Orthogonal Non-negative Tensor Factorization based Multi-view Clustering

Neural Information Processing Systems 

Multi-view clustering (MVC) based on non-negative matrix factorization (NMF) and its variants have attracted much attention due to their advantages in clustering interpretability. However, existing NMF-based multi-view clustering methods perform NMF on each view respectively and ignore the impact of between-view. Thus, they can't well exploit the within-view spatial structure and between-view complementary information. To resolve this issue, we present orthogonal nonnegative tensor factorization (Orth-NTF) and develop a novel multi-view clustering based on Orth-NTF with one-side orthogonal constraint. Our model directly performs Orth-NTF on the 3rd-order tensor which is composed of anchor graphs of views.
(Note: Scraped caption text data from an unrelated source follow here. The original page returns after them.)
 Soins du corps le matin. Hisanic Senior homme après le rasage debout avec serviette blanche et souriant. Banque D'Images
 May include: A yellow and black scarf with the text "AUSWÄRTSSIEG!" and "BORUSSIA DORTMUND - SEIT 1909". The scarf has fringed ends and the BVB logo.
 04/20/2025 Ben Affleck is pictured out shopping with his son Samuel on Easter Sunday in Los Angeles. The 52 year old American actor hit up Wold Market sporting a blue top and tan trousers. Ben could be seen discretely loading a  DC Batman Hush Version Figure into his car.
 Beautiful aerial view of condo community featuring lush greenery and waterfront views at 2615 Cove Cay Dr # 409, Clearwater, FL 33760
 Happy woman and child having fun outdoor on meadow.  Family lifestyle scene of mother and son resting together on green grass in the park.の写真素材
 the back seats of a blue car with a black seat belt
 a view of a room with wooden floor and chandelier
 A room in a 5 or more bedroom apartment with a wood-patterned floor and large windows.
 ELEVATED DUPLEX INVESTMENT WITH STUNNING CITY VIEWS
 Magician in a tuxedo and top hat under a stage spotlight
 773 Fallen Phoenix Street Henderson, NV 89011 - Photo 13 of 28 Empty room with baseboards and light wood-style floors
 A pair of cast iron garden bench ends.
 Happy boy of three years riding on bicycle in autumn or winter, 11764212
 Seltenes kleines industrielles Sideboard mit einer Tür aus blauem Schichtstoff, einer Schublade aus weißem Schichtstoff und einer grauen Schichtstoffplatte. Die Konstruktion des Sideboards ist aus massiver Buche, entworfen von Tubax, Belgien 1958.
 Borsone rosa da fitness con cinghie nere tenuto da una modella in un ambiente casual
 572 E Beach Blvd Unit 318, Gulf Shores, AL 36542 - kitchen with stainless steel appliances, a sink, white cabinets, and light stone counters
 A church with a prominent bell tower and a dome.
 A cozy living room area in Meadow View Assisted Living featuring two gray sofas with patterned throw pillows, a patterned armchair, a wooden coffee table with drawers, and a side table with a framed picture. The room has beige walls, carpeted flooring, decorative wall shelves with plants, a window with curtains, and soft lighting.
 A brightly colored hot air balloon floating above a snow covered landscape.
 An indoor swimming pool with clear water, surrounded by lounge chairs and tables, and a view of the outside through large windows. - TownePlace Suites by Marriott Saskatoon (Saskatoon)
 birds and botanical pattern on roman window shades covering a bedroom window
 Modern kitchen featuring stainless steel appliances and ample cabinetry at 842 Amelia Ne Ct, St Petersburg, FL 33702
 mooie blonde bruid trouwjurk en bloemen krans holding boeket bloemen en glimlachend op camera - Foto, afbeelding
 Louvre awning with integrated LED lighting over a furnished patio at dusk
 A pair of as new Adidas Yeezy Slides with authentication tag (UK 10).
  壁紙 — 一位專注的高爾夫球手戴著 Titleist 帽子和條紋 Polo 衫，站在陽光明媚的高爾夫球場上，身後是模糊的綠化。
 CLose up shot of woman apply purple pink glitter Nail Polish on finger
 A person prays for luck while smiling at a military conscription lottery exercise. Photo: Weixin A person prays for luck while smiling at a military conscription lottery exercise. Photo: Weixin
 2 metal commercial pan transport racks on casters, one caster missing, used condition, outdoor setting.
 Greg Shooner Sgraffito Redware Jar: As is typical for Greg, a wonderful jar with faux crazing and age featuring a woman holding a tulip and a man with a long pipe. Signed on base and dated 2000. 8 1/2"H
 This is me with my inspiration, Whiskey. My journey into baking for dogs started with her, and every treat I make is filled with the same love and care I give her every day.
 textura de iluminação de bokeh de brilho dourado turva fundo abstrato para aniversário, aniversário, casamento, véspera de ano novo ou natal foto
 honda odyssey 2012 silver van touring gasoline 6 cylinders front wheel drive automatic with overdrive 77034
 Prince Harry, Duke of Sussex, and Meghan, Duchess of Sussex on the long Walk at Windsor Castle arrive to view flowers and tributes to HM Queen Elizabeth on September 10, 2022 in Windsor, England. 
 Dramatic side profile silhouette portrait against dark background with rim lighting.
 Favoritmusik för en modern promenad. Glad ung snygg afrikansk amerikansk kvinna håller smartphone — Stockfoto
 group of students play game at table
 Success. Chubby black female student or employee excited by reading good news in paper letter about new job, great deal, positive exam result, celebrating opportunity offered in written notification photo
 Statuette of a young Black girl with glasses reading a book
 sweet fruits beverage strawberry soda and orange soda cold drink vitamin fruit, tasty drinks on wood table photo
Thus, our model directly considers the between-view relationship. Moreover, we use the tensor Schatten p-norm regularization as a rank approximation of the 3rd-order tensor which characterizes the cluster structure of multi-view data and exploits the between-view complementary information. In addition, we provide an optimization algorithm for the proposed method and prove mathematically that the algorithm always converges to the stationary KKT point. Extensive experiments on various benchmark datasets indicate that our proposed method is able to achieve satisfactory clustering performance.